LUANDA. — Angola is investing in improved phone and wireless networks on land, sea and in space to attract foreign investment and diversify away from oil, National Director of Telecommunications Eduardo Sebastiao said.
The southwest African nation’s biggest projects include a US$300 million Russia-built satellite scheduled for 2017 and a US$200 million sub-sea cable across the Atlantic Ocean to Brazil that will start to be laid next year, Sebastiao said in an interview in Luanda, the capital. Angola also wants to add fibre optic cable to increase mobile-phone coverage to 85 percent of the population from 60 percent within two years, Sebastiao said.
“We encourage international companies to join with local companies and we’re ready for investors to set up operations now,” the director of telecommunications said. “This will create not only financial wealth but social well-being through increased jobs and by fighting poverty.”
Angola, recovering from a 27-year civil war that ended in 2002, is rebuilding infrastructure to diversify away from the crude oil that accounts for 97 percent of exports and 75 percent of government tax revenue.

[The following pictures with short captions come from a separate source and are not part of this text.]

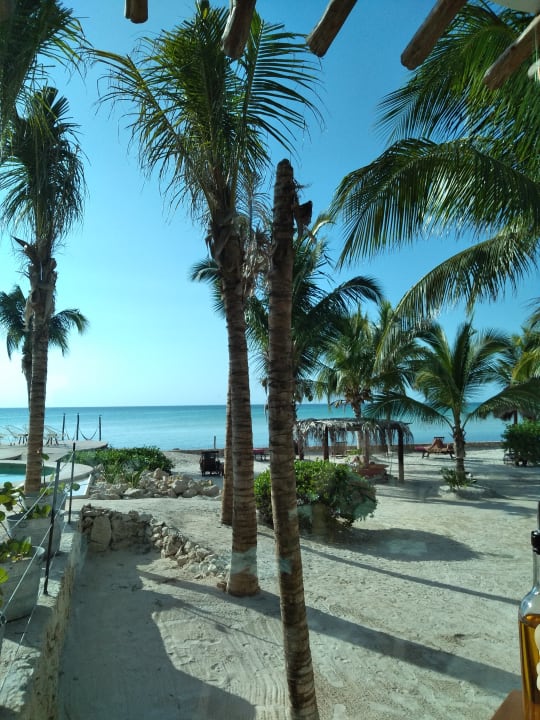 Ausblick Hotel Villas Flamingos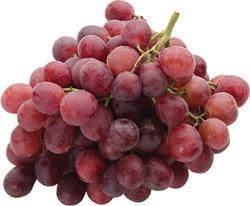 Flame Seedless Flame Seedless Grapes Suppliers Manufacturers amp Traders in India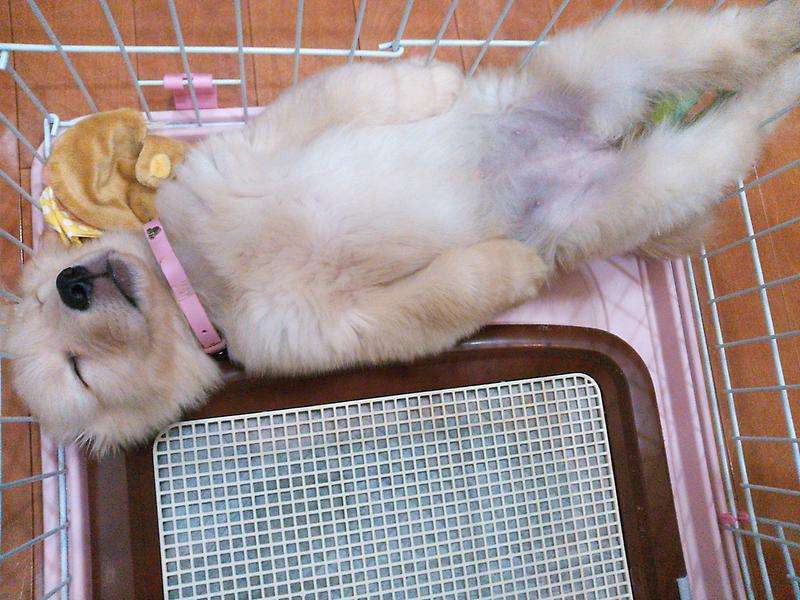 【画像】眠っている動物たち
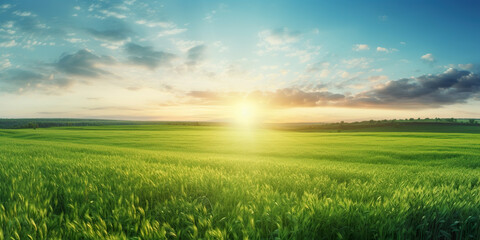Beautiful panoramic natural landscape of a green field with grass against a blue sky with sun. Generative AI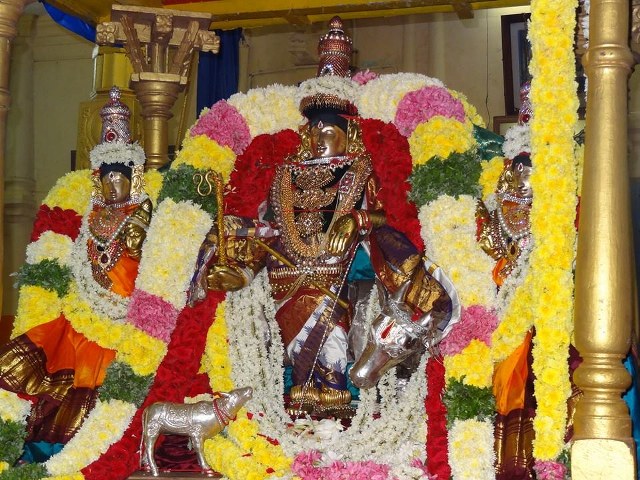 Thiruvahindrapuram Sri Devanatha Perumal Temple Sri Jayanthi Utsavam 2014 03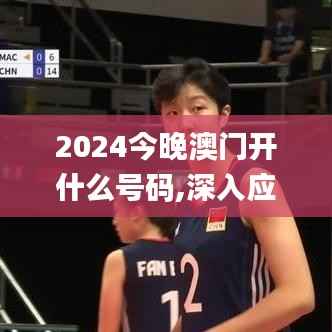 2024今晚澳门开什么号码,深入应用数据解析_豪华款2.711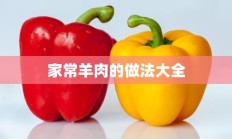 家常羊肉的做法大全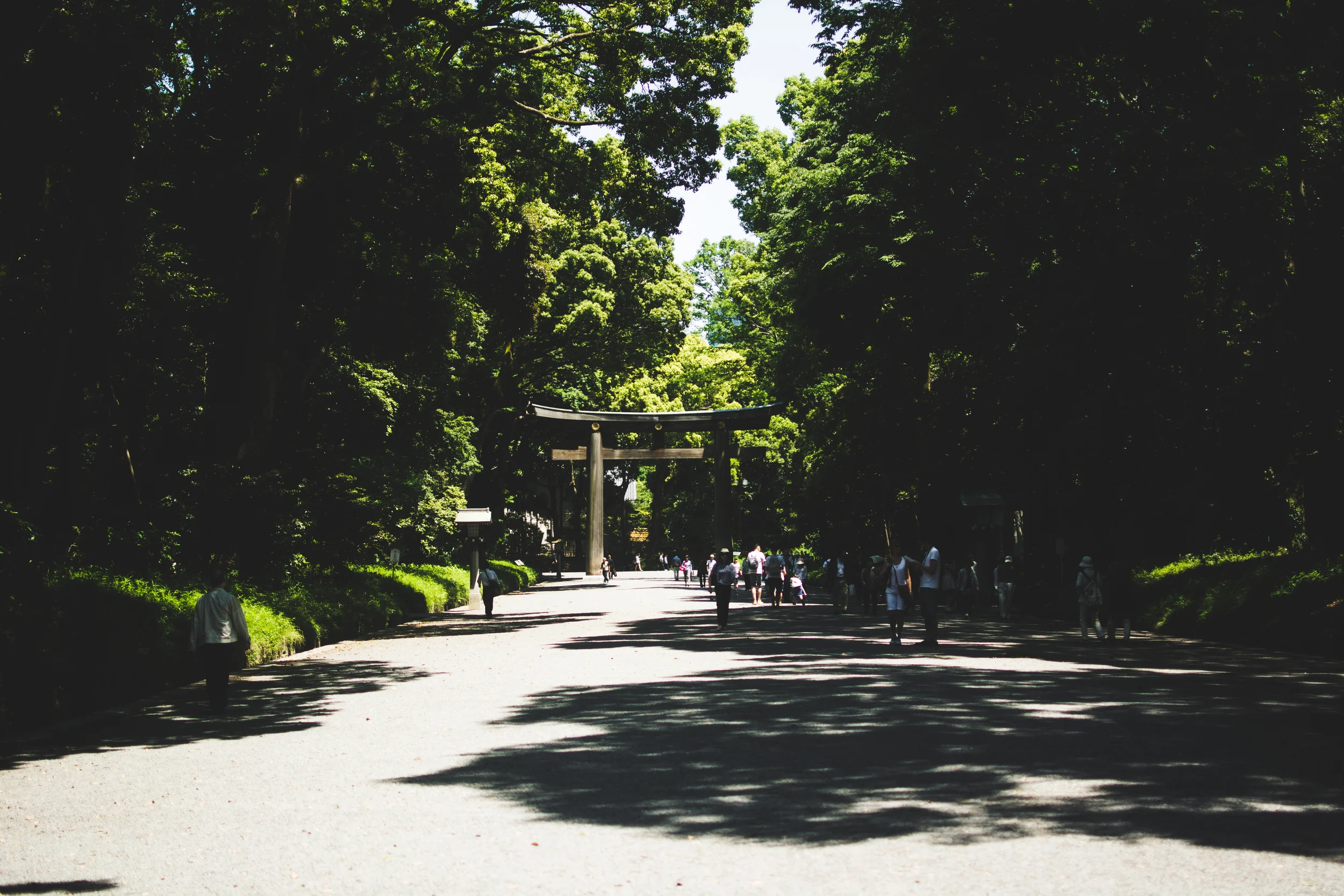 yoyogi park
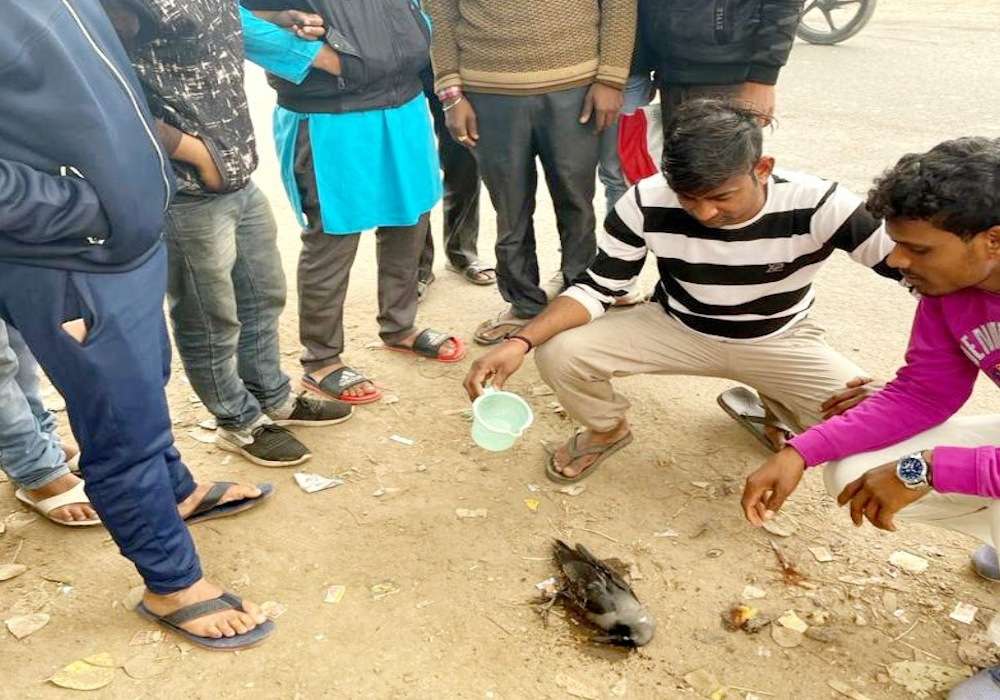 पूर्वांचल में पक्षियों की मौत बनी संदेह, अचानक हुई कौवों की मौत से स्वास्थ्य महकमा अलर्ट, बर्ड फ्लू का भय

The government wants to promote opportunities in mining, industry and agriculture while improving the efficiency and competitiveness of its telecommunications industry.
Foreign investment this year in Angolan industries excluding oil was US$1,9 billion by the end of September, compared with US$2,3 billion for all of last year, Maria Luisa Abrantes, chairwoman of the National Private Investment Agency, said in an interview.
Four landline operators, including state-owned Angola Telecom and MS Telecom, a subsidiary of state oil company Sonangol EP, will be allowed to compete with mobile operators Movicel Telecommunications SA and Unitel SA in both landlines and mobiles as part of the investment plan, Sebastiao said. — Bloomberg.